Stock prices reflect the trading decisions of many individuals. For the most part, quantitative finance has developed sophisticated methods that try to predict future trading decisions (and the price) based on past trading decisions. However, what about that the information gathering phase that precedes a trading decision? Two recent papers in Nature’s Scientific Reports suggest that Google searches and Wikipedia usage patterns contain signal about this information gathering phase that can be exploited in a trading algorithm. As is (unfortunately) very common, there is no published code in the paper that we can use to easily replicate the results. The algorithms are very simple, though, so I coded both of them on Quantopian. They indeed seem to perform quite favourably and thus roughly replicate the results of the paper, as you can see below. The original simulations have not included modeling transaction costs or slippage which we include here. In that regard, we can show that these strategies still seem to work under more realistic settings.
This algorithm looks at the Google Trends data for the word ‘debt’. According to the paper, that word has the most predictive power.

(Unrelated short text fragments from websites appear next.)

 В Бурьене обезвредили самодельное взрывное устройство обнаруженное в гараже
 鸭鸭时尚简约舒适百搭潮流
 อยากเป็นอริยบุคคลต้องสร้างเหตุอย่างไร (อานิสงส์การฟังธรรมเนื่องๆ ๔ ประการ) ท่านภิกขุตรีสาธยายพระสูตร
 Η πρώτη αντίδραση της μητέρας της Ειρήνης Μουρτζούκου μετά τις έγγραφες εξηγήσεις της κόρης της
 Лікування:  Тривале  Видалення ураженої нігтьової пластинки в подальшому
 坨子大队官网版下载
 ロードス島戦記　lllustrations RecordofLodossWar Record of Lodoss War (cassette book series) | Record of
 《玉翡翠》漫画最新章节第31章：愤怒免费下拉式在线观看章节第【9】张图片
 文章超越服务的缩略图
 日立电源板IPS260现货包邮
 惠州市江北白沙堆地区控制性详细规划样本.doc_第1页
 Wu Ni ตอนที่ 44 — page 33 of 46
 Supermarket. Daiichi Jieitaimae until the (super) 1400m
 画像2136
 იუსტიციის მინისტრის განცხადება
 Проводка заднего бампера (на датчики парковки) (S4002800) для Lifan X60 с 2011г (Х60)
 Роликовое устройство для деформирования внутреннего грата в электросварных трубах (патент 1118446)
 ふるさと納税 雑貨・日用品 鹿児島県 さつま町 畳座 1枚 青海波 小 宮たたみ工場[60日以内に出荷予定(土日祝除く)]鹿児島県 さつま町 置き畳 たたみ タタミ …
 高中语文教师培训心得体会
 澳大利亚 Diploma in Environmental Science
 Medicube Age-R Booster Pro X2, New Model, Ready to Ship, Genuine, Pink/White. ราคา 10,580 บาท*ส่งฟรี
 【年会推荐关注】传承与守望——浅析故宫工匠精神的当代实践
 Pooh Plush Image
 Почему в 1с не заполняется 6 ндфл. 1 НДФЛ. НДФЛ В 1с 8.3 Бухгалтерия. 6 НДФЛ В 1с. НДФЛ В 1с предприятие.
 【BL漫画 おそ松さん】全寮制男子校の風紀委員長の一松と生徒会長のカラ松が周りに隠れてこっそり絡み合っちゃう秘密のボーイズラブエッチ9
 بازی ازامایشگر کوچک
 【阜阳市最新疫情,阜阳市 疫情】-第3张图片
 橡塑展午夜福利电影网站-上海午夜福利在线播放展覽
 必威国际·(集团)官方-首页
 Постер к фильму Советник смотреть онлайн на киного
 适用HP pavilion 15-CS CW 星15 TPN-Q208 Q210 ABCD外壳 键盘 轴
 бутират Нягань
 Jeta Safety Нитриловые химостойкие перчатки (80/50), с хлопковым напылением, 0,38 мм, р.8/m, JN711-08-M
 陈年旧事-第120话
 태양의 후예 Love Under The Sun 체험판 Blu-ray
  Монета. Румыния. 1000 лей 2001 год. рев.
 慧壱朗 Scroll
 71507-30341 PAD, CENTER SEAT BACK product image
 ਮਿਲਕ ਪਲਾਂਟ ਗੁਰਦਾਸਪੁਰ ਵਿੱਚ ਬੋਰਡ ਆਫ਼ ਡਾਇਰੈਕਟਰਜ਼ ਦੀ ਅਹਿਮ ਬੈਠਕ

This data is not as easy to automate within Quantopian, but it’s relatively easy to do so manually. I downloaded the csv file and edited it to get it into the right format. I uploaded the resulting file here.
If you want to use my data on ‘debt’ feel free to do so. If you want to use a the Google Trend for a different word, you can download the CSV, edit it to look like mine, and place it in a public Dropbox or some other webserver.
If there is enough interest we can make this data more accessible (if you want to help me with this, an automated Python script that parses the csv returned by Google Trends to the format I posted would be well appreciated).
http://www.nature.com/srep/2013/130425/srep01684/images/srep01684-f3.jpg
For this algorithm, once the weekly average is smaller than the moving average of the delta_t (in this case delta_t == 5 weeks), we buy and hold the S&P500 for one week. If the weekly average is larger than the moving average then we sell and re-buy the S&P500 after one week. The original paper uses the Dow Jones Industrial Average, the S&P500 is highly correlated however.
Suggestions for improvement (please post improvements as replies to this thread):
- The authors used many different search queries, listed here . If you upload different queries in the same csv format as I did we can explore those as well.
- delta_t == 3 is what the authors of the paper used. It would be interesting to see how the algorithm performs when this is changed.
- The underlying algorithm is a very basic moving average cross-over. Certainly a more clever strategy might be able to do a much better job.